Она с бешеной скоростью начала прикидывать возможности, но все они были одинаково неприятными. Весь номер был пропитан запахом сигаретного дыма, а потолок пожелтел от никотина. Запах был настолько сильным, что, даже случись здесь атомный взрыв, он оставил бы в пространстве дыру, от которой тоже тянуло бы табаком.
Он был с ней!
Другого объяснения не было. Ни одна другая версия не выглядела столь правдоподобной, как эта.
Внезапно ее осенило. Этот звук был не чем иным, как возбужденным дыханием.
– Сука!
Беверли была готова продолжить, но Сорвин скис. Она вылезла из-под одеяла и легла рядом с ним. В комнате воцарилась тишина, и лишь дыхание стало казаться необычно громким.
– Ну? – спросила она, не открывая глаз.
Он не понял.
– Потрясающе. Просто потрясающе.
Беверли рассмеялась, и Сорвин посмотрел на нее.
– Как там наш констебль? Что она сказала?
Однако Сорвину не хотелось, чтобы ему напоминали о существовании мира, находившегося за стенами спальни, за пределами удовольствия. Беверли поняла, что опять наступила на те же грабли: мужчинами управляют их желания, их мозги располагаются в штанах. Она не стыдилась того, что беззастенчиво пользовалась этой слабостью, – ее лишь удручала их полная неспособность чему бы то ни было учиться.
– В чем дело? – нежно спросила она. – Надеюсь, это не чувство вины? Обычно оно приходит не раньше утра.
– Знаешь, это не шутки. – Сорвин внимательно посмотрел на нее.
– А я и не шучу.
Похоже, Сорвин не одобрял ее поведения.
– Черт, неужели для тебя это все так просто? Перепихнулась и пошла?
О боже! Зачем воспринимать все так трогично, Эндрю? Беверли села и вытащила ноги из-под одеяла.

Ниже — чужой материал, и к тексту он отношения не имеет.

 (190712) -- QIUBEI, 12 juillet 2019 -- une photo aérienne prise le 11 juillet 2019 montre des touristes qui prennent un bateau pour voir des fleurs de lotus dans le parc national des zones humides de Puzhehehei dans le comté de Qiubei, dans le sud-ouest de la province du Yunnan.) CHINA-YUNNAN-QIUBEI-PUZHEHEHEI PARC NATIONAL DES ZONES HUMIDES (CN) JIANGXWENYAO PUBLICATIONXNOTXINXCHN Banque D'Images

– Да, – обернувшись, ответила она. – Точно так же, как это было для тебя, пока тебе не позвонила твоя красотка и не напомнила, какой ты кусок дерьма. И я в этом не виновата, Эндрю. Ты взрослый человек, а взрослые люди сами отвечают за свои поступки.
Беверли встала и направилась в ванную. Через десять минут, свежая и благоухающая, она вернулась в комнату, где Сорвин, уже облачившийся в купальный халат, сидел на краю кровати. Беверли взяла свою одежду и, не обращая внимания на Сорвина, принялась одеваться.

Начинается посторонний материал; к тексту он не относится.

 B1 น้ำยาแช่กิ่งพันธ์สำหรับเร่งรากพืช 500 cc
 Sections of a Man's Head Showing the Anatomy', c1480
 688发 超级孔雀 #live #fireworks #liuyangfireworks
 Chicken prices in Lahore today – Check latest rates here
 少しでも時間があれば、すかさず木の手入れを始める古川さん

– Прости, – медленно произнес он.
Беверли ничего не ответила.
– Если тебя это еще интересует, Салли сказала, что она нашла место, где в течение последних недель жил Мойниган. А кроме того, она узнала, откуда у него эти часы.
– Откуда?
– Их подарила ему Фиона Блум. – Он улыбнулся, заметив ее удивление, но она не ответила ему улыбкой.
Теперь ей определенно было о чем подумать, и прежде всего о том, куда могло привести это открытие. Оно не могло быть случайностью, но она не знала, как его интерпретировать, и пока ощущала лишь нараставшую тревогу. Какое отношение мог иметь Мойниган к смерти родителей Елены?

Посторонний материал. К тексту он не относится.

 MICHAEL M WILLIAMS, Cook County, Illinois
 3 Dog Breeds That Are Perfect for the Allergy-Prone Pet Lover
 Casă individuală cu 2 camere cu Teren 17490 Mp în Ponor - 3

– Оставляю тебя наедине с твоими страданиями, – промолвила она, направляясь к выходу в основательно подпорченном настроении.
Сорвин не ответил, и она покинула его дом. Такие прощания не были для нее чем-то новым, но от этого они не становились менее болезненными.
– Я все время думаю об этом.
– Да, – вздохнул в темноте Айзенменгер.
И Елена, хотя и была занята своими мыслями, расслышала в его голосе отчаяние.
– Прости.
Он протянул руку, зажег ночник и повернул к ней лицо.
– Я прекрасно тебя понимаю. Какое это, должно быть, потрясение – внезапно увидеть все эти письма и фотографии спустя столько лет.